## THE TASK
When the line with "St. Bernhardshund, Bernhardiner" appears below, start repeating lines exactly, and keep going through the line with "Set (10) French"; add nothing outside that span.

## DATA
>>>>

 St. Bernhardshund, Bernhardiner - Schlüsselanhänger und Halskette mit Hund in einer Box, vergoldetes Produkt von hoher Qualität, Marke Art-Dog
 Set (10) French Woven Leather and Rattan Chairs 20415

<<<<
>>>>

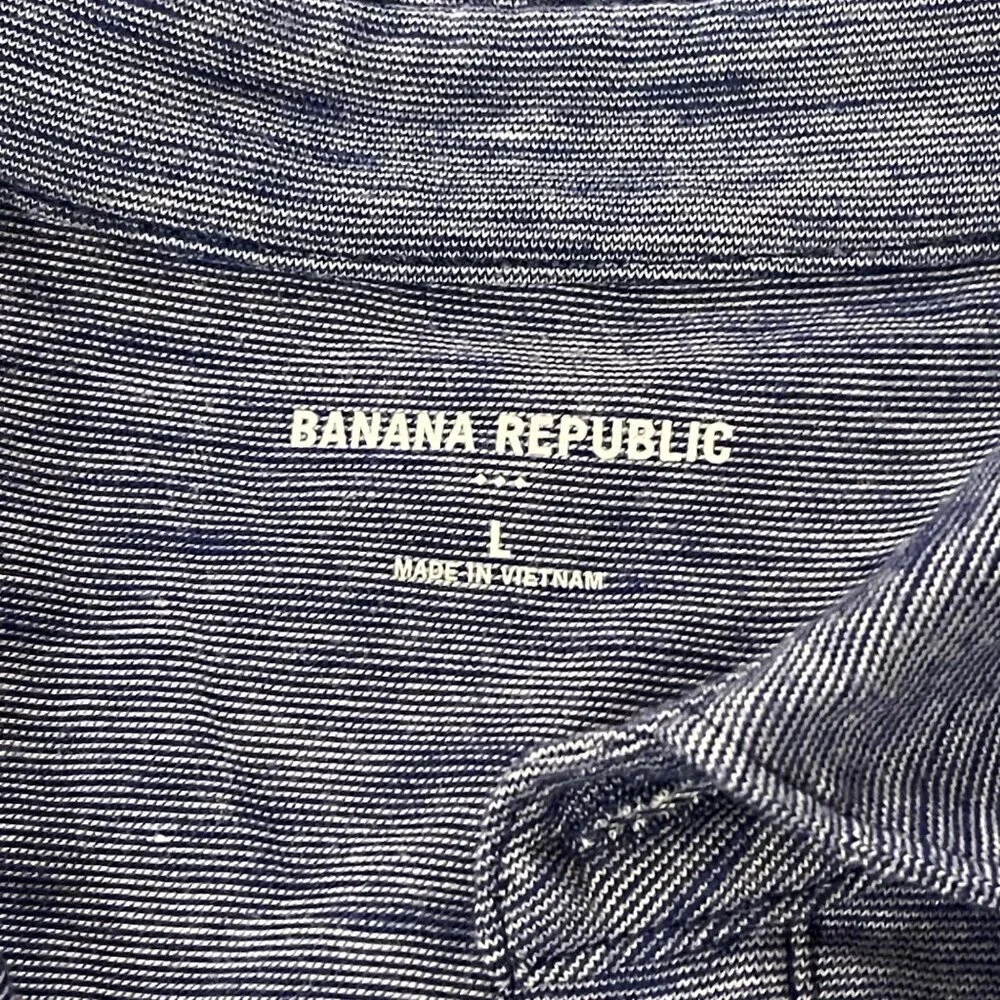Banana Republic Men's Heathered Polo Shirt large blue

<<<<

## SOLVED EXERCISE
 St. Bernhardshund, Bernhardiner - Schlüsselanhänger und Halskette mit Hund in einer Box, vergoldetes Produkt von hoher Qualität, Marke Art-Dog
 Set (10) French Woven Leather and Rattan Chairs 20415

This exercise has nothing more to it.